Na opinião de Garrett, é cedo para dizer se as instituições americanas falharam no teste ao qual estão sendo submetidas. “Acho que o teste não acabou, mas isso é um fenômeno global. A democracia está sendo testada em todo o mundo de maneiras novas.” Ele também evita falar em crise constitucional nos EUA, afirmando que o governo Trump ainda não desafiou uma ordem da Suprema Corte abertamente —embora exista o temor de que o Executivo tenha deixado de cumprir ordens de instâncias inferiores.
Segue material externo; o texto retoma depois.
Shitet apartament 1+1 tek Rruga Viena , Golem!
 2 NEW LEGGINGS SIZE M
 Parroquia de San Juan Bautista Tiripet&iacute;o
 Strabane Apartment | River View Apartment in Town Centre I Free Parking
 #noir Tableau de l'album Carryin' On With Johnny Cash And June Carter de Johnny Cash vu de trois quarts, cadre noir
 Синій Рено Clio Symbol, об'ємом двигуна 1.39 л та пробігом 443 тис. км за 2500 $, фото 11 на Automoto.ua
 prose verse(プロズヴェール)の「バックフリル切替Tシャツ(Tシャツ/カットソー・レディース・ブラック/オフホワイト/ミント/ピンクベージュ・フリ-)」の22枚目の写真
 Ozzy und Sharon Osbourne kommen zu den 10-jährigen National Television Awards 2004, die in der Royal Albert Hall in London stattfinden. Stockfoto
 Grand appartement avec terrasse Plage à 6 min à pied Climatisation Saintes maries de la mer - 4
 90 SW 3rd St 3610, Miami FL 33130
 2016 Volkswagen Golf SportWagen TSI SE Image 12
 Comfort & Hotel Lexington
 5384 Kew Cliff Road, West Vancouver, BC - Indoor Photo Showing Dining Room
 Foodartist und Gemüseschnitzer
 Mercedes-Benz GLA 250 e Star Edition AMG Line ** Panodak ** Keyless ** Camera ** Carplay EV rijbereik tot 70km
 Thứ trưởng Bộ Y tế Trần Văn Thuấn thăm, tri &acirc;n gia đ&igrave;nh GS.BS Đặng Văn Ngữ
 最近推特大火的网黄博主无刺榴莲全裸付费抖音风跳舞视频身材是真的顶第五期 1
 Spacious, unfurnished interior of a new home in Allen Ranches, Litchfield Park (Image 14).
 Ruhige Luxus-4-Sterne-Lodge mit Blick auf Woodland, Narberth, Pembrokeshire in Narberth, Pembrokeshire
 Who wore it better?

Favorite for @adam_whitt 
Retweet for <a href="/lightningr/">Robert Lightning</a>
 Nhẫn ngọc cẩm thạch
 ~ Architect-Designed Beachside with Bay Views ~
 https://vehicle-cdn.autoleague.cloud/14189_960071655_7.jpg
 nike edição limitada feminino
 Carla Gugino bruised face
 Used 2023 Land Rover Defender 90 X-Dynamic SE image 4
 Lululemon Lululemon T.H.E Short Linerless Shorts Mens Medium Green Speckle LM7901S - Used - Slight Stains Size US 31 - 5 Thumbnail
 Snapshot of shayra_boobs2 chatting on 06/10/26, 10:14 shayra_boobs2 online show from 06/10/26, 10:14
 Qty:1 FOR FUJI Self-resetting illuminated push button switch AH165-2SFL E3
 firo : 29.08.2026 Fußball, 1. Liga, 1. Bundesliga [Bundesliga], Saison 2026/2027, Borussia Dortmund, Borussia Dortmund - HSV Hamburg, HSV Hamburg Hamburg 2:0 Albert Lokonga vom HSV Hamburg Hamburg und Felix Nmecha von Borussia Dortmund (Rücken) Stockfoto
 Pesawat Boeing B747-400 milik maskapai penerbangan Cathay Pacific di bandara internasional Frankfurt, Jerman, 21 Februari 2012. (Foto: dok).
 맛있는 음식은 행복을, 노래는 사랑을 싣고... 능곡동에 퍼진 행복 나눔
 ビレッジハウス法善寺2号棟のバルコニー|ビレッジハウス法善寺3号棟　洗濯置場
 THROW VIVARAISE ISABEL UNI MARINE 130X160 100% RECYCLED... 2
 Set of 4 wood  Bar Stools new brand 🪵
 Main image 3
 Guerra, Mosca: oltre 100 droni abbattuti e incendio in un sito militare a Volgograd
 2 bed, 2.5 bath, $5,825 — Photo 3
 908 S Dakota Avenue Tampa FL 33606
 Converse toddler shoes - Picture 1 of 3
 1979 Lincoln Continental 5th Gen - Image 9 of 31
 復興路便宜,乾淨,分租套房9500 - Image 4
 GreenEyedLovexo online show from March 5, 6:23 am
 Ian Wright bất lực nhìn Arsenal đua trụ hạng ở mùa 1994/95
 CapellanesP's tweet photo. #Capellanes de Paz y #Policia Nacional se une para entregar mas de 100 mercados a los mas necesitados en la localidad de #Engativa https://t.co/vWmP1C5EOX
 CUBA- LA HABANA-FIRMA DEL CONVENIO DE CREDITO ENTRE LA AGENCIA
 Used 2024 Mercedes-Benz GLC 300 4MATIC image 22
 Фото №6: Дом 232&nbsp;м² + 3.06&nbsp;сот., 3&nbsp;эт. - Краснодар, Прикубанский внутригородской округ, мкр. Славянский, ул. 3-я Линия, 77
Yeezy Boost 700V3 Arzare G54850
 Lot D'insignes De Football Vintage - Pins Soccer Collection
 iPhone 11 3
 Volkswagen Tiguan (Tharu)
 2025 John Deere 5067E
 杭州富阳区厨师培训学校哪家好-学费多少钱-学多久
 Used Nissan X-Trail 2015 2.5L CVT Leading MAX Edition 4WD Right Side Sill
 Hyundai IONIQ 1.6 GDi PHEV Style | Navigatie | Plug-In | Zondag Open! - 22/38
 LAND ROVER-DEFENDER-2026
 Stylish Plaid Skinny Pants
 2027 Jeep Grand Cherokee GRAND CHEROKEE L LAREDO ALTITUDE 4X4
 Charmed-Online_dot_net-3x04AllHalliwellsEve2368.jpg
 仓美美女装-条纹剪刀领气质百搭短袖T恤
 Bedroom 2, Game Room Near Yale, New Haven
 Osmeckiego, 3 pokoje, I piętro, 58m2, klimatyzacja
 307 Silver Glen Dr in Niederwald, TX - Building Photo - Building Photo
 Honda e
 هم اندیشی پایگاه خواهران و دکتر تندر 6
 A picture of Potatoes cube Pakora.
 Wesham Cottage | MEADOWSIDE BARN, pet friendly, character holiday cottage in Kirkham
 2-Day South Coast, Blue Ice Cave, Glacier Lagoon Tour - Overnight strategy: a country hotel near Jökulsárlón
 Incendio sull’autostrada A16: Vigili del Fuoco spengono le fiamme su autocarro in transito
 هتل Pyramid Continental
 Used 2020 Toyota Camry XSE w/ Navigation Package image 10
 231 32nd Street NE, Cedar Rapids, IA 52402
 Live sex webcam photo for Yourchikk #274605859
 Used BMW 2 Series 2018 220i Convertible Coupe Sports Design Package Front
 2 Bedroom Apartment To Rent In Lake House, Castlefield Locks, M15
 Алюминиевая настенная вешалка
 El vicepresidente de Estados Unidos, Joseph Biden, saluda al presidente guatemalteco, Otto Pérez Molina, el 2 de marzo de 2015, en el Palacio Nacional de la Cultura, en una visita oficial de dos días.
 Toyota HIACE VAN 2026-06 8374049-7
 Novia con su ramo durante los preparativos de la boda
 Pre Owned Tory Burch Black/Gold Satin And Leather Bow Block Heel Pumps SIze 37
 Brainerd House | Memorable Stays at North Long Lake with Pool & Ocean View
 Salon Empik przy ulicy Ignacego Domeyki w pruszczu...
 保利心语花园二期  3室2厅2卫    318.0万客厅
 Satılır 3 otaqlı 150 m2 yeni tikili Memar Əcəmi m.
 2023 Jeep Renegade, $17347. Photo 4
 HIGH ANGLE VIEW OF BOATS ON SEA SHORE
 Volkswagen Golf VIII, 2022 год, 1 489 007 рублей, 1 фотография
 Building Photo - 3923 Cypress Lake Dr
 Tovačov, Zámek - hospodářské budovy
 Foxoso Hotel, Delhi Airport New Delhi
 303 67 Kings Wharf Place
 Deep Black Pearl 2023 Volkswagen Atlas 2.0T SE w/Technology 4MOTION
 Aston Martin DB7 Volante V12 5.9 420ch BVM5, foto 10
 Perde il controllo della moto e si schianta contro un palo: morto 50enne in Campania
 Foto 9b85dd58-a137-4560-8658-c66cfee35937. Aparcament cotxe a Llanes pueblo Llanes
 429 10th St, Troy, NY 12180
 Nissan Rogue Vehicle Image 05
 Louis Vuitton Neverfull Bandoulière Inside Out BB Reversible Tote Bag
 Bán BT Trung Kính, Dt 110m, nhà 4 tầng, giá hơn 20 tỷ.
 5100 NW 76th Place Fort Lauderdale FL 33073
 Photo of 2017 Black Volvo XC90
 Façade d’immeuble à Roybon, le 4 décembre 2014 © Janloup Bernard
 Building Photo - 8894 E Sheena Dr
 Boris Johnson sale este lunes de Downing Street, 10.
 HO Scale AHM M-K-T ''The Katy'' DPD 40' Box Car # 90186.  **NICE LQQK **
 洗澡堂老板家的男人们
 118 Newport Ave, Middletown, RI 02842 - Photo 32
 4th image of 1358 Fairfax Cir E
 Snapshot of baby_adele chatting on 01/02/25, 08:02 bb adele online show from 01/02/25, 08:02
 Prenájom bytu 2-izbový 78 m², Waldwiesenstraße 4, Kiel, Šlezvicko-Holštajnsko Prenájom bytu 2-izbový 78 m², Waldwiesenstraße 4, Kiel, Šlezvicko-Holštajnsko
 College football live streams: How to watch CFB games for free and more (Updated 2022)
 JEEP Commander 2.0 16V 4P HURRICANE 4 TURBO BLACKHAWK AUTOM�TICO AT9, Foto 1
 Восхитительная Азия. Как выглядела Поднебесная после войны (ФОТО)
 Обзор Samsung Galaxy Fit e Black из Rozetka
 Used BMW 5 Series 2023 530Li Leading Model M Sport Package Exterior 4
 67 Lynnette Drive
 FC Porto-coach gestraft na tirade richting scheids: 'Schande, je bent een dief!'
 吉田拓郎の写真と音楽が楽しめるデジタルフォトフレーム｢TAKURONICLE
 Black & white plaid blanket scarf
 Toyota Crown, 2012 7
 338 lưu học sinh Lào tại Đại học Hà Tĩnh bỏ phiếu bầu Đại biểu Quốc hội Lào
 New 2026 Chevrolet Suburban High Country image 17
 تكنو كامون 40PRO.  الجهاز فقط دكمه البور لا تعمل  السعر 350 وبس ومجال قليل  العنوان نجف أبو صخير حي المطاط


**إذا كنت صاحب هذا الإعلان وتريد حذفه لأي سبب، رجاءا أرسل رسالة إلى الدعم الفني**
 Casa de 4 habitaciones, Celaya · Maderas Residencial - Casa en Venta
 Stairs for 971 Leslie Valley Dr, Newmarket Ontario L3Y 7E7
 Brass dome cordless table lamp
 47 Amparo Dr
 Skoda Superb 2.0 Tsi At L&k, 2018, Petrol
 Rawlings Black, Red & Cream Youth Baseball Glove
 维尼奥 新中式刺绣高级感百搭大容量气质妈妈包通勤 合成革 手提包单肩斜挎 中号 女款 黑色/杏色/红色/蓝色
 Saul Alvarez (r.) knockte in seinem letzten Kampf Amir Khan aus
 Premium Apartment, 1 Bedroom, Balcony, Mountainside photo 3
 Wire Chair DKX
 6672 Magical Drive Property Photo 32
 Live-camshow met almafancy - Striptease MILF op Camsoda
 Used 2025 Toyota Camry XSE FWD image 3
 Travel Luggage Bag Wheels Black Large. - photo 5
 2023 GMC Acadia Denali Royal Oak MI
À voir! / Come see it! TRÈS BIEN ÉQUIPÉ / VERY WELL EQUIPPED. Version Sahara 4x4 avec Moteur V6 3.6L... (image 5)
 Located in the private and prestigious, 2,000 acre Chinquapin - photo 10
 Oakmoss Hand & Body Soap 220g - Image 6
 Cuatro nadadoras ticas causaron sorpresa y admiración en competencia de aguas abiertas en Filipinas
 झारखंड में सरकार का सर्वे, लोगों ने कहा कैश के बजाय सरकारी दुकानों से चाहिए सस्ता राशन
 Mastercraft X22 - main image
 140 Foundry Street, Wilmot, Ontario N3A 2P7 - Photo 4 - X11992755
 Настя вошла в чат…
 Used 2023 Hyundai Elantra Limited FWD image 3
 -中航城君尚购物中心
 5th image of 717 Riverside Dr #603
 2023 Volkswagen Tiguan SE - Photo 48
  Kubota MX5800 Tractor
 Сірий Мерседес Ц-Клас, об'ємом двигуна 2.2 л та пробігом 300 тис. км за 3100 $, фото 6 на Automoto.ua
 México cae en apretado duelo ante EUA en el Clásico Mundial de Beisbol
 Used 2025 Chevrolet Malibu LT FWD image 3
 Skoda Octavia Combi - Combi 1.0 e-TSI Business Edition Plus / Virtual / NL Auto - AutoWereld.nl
“Quando se fala em crise constitucional, a ideia é que dois ou mais Poderes da República não conseguem se entender, e a Constituição está sendo violada por causa disso. Até aqui, não vimos o Legislativo, o Judiciário ou o Executivo sendo impedidos de fazer seu trabalho. Não estamos vendo uma falha completa da ordem democrática”, diz Garrett.

Enos enxerga a situação de outra maneira: “Para todos os efeitos, não há freios ao poder de Trump neste momento. A Suprema Corte parece não estar disposta a impor restrições, e tem, na verdade, autorizado a expansão de seu poder. O Congresso também”.

“O único freio de verdade, e a única coisa que poderá salvar a democracia americana, se ela de fato puder ser salva, é a força da sociedade civil —se as instituições podem ou não se levantar e resistir, porque a ordem política dos EUA não parece ser capaz de fazer isso.”